4th and 5th Grade: 4th and 5th-grade classes use the Houghton-Mifflin curriculum. 4th-grade studies focus on the regions of the United States. 5th-grade studies focus on the early history of the U.S. including exploration and the Revolutionary War. Students study the earliest efforts to form a nation, a government, and a working economic system.

6th Grade: Social Studies classes, focus on Minnesota History, using the newest Northern Lights curriculum. Sixth graders also participate in the History Day competition.

7th Grade: This US History class focuses on United States history from 1800-present.  The textbook used for this course is Discovering Our Past: A History of the United States.

8th Grade: This class focuses on global studies, with a heavy emphasis on geography. New Minnesota State Standards dictate that the students will study the geography of the world's regions and contemporary world history.

World History: Work History 9-1 is a survey course that includes events beginning with the Stone Age and ending with the Renaissance.  Studies include the economic, political, and social issues and the effect of various turning points and cultural diffusion. Topics covered in this course align with the required Minnesota State Social Studies standards in World History.  World History 9-2 is a survey course that includes events beginning with the Age of Exploration and ending with the present day.

Human Geography: Human Geography studies the natural and human features and processes distributed over the earth.  The central theme in this course is a tension between two important realities of today-globalization and the preservation of cultural diversity.  We will look at problems of modern society as they pertain to the use of the earth's resources.  The course will survey the physical and cultural aspects of world regions including landforms, climate, levels of economic development, cultural diffusion, attitudes toward the land and toward social structure and values.

American Government:  Principles of American Government is a survey course of the history of the United States Government from it's origins to political systems in today's world.  Topics covered include the Foundations of American Government and the Constitution, the Branches of Government and the separation of powers and how people participate in state and local government.

US History: This is a survey course which picks up the study of America from where students left off in 7th grade.  The year-long course is divided into two parts, which together cover the history of the United States from post-Reconstruction to the present.

Economics: Economics is designed to study the basic characteristics of the U.S. economic system.  Both microeconomics and macroeconomics will be covered.

Psychology General psychology is an introductory course to the immense field of psychology.  Students will be presented with the major theories and schools of thought as well as the terminology necessary for the understanding of the science.

Global Issues Global Issues will take an in-depth look at current events.  The class will highlight current global issues and explore the history and development of issues.  The class will examine background details and events so that the student can understand current world issues.  Issues discussed will include topics ranging from world conflicts, economics, geopolitics, resource issues, and all other current events.

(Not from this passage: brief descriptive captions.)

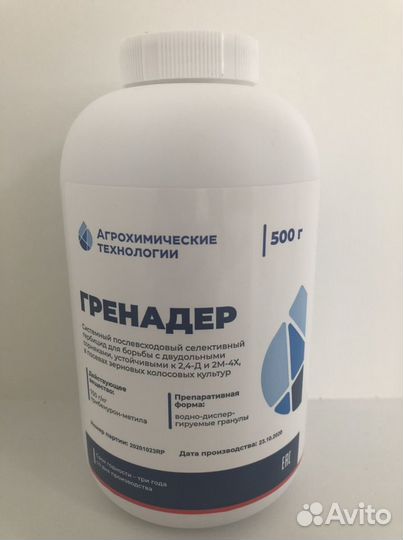 Гербицид Гренадер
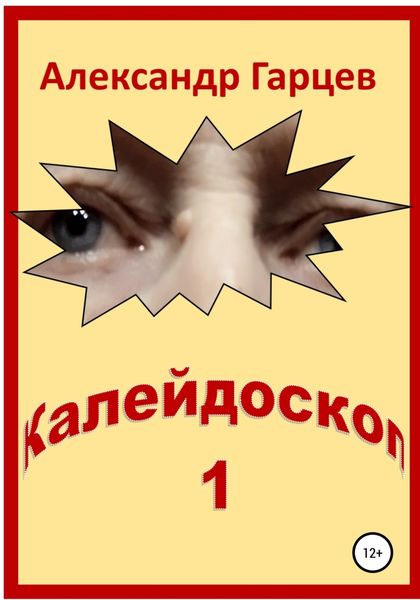 Обложка книги  «Калейдоскоп 1»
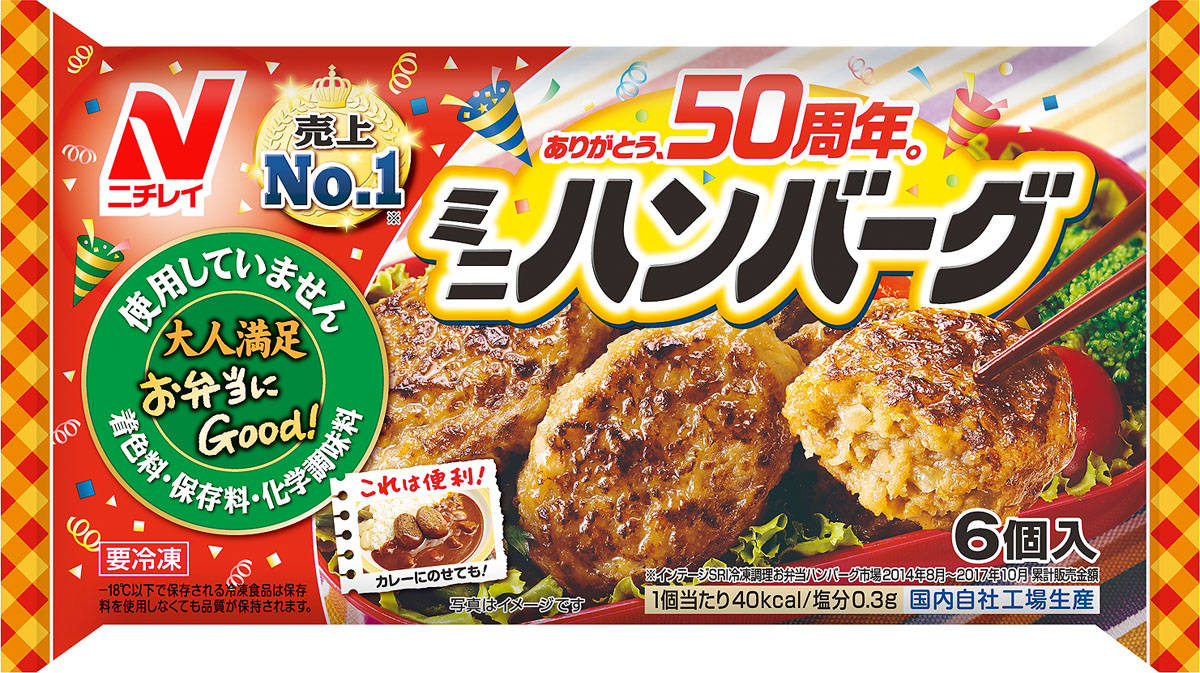忙しいパパでも簡単！食卓メニューにも活用できるお肉の素材 ニチレイフーズ「ミニハンバーグ」～今年50周年を迎えたお弁当のアイドル～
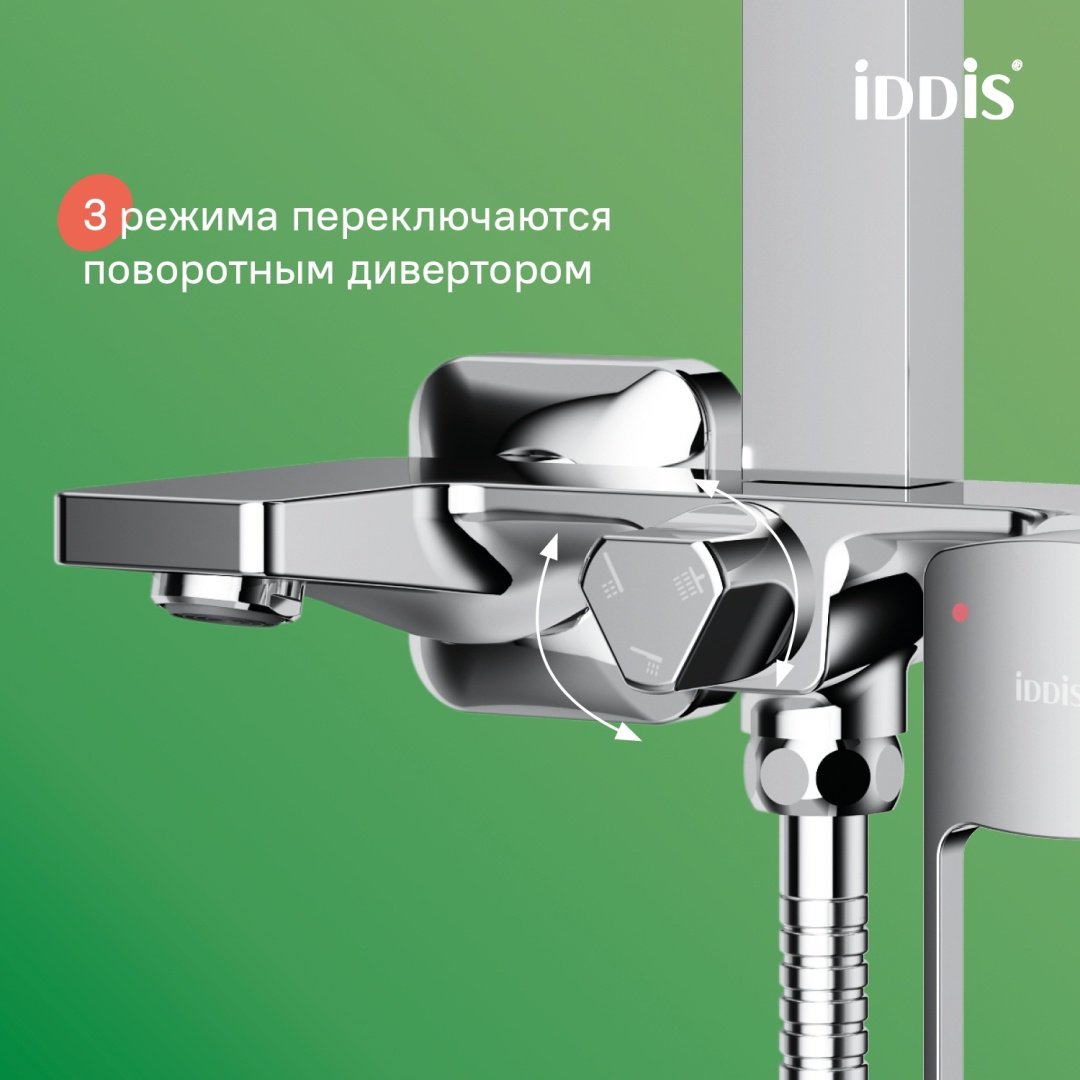 IDDIS душевой набор (гарнитур) BILSB1Fi06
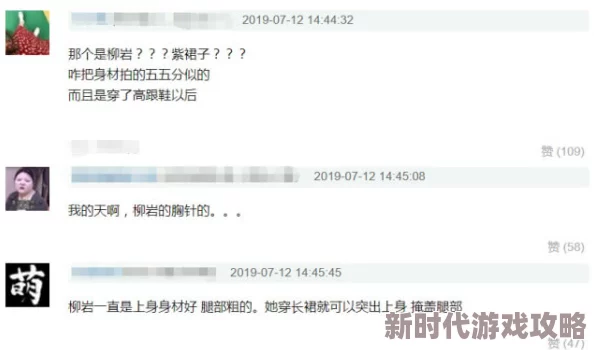 岳的屁股好大下面好紧，近日在社交媒体上引发热议，网友们纷纷发表看法，讨论其背后的原因与影响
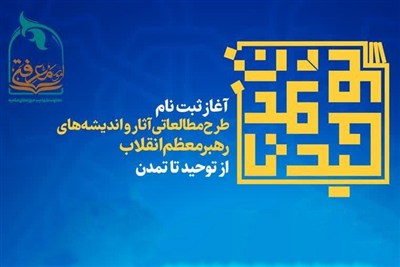 آغاز نام‌نویسی طرح مطالعاتی «از توحید تا تمدن»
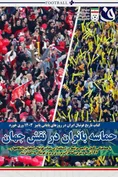 روزنامه های ورزشی
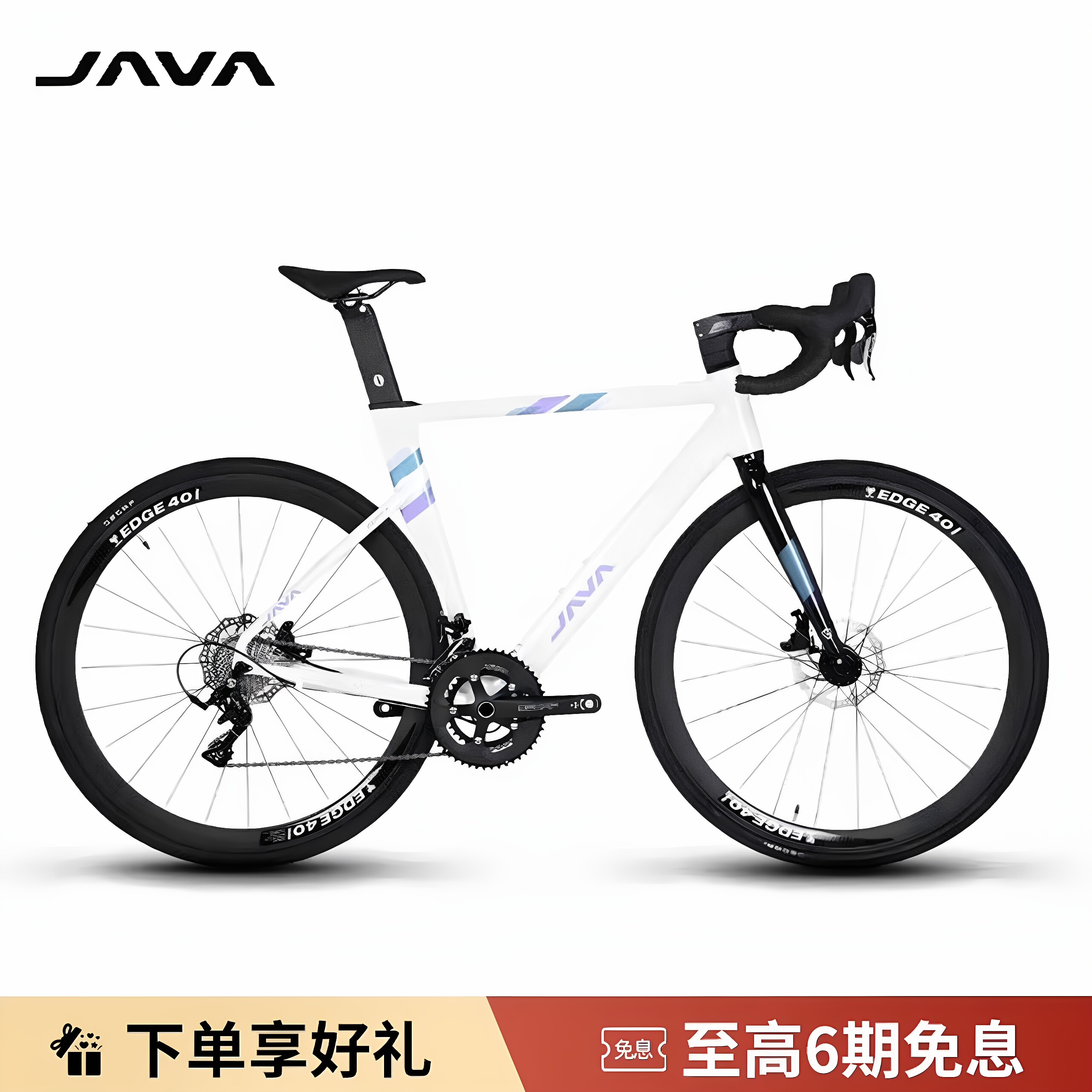 Java Auriga R5 JAVA/佳沃御夫座AURIGA蓝图R5桶轴破风公路车油压碟刹18速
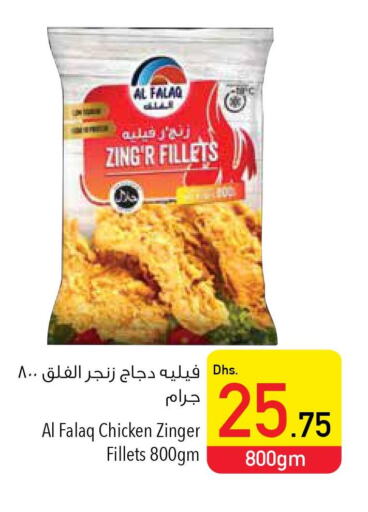  Chicken Zinger  in السفير هايبر ماركت in الإمارات العربية المتحدة , الامارات - أبو ظبي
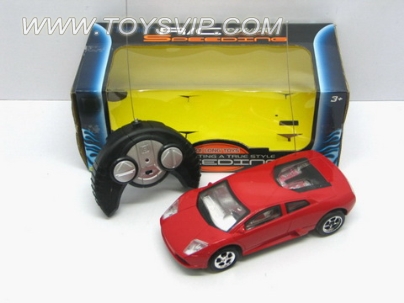 1:20 Stone remote control car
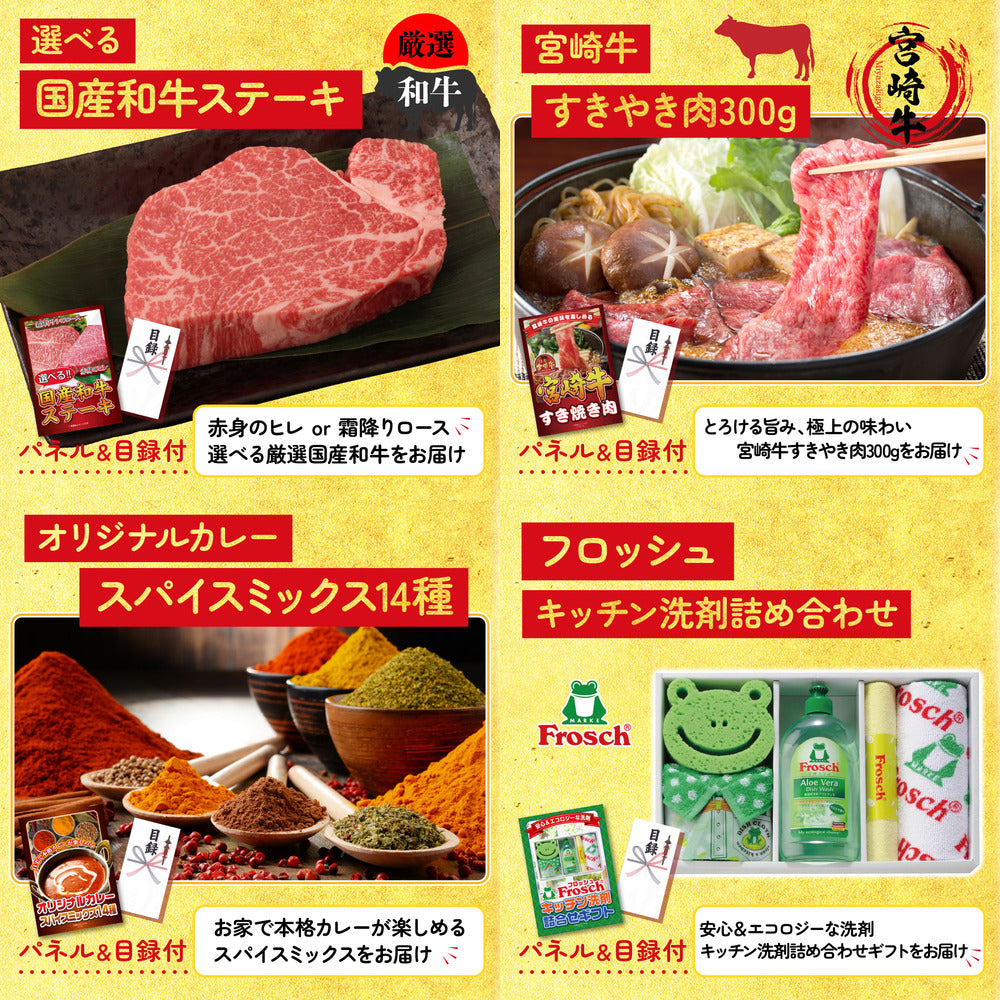 山形牛1kg10点セット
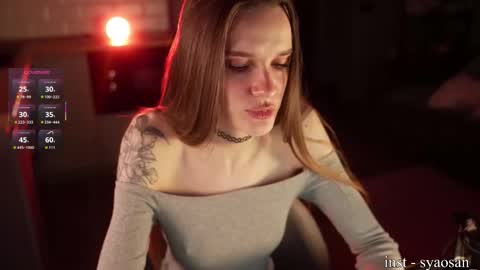 syaosan_ online show from March 24, 2026, 3:33 am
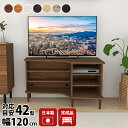 テレビラック テレビ台 黒 コーナー 角置き 国産 日本製 ナチュラル ホワイト 収納 ハイタイプ テレビボード リビングボード 北欧 40型 白 おしゃれ 一人暮らし リビング収納 木製 飾り棚 インテリア モダン アンティーク 本棚 シンプル 42インチ 木目 ローボード 幅120 ☆(3)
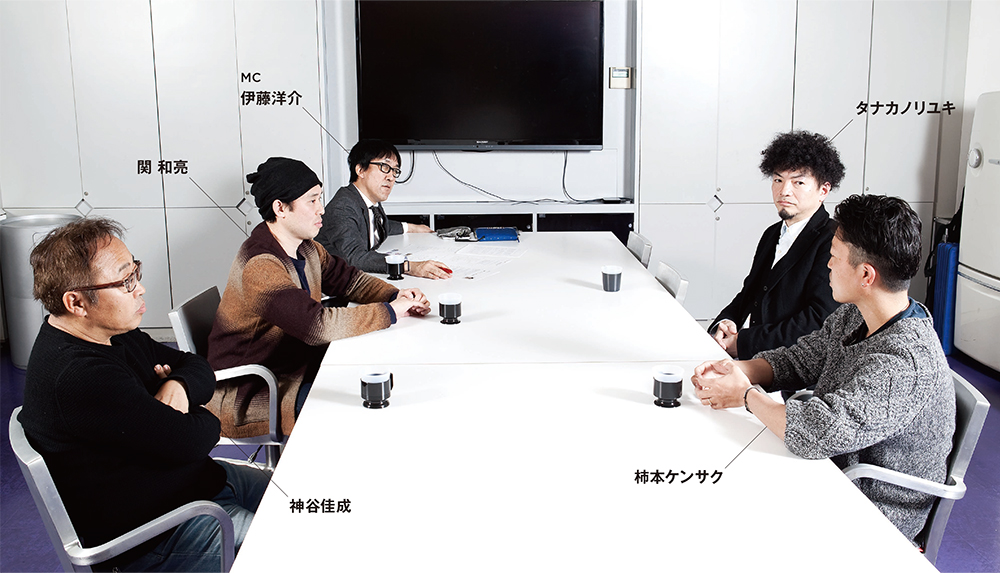 映像ディレクター座談会「プロのディレクターとして生きていく」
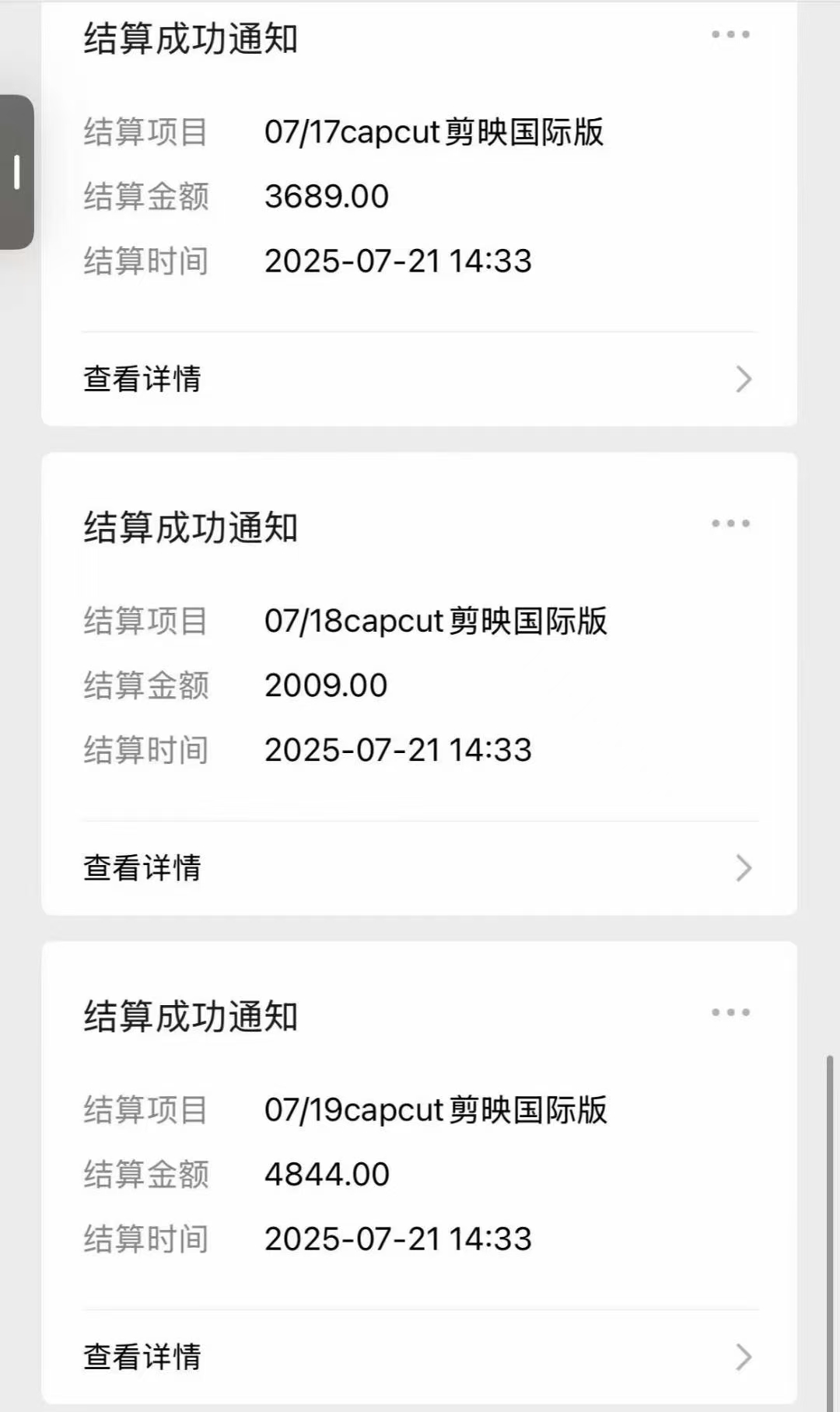 海外版剪映(capcut)拉新,日結(jié)算9000+,市場(chǎng)空白,風(fēng)口項(xiàng)目插圖1 海外版剪映(capcut)拉新,日結(jié)算9000+,市場(chǎng)空白,風(fēng)口項(xiàng)目插圖1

College Sociology (101): This course is intended for students who excel in Social Studies and who are able and willing to handle an accelerated workload involving critical reading and thinking skills.  It is designed as an introduction to sociological study for college-bound students, particularly for those interested in sociology-related careers.   Coursework will address the major sociological theories and schools of thought, as well as the terminology necessary for the understanding of the science.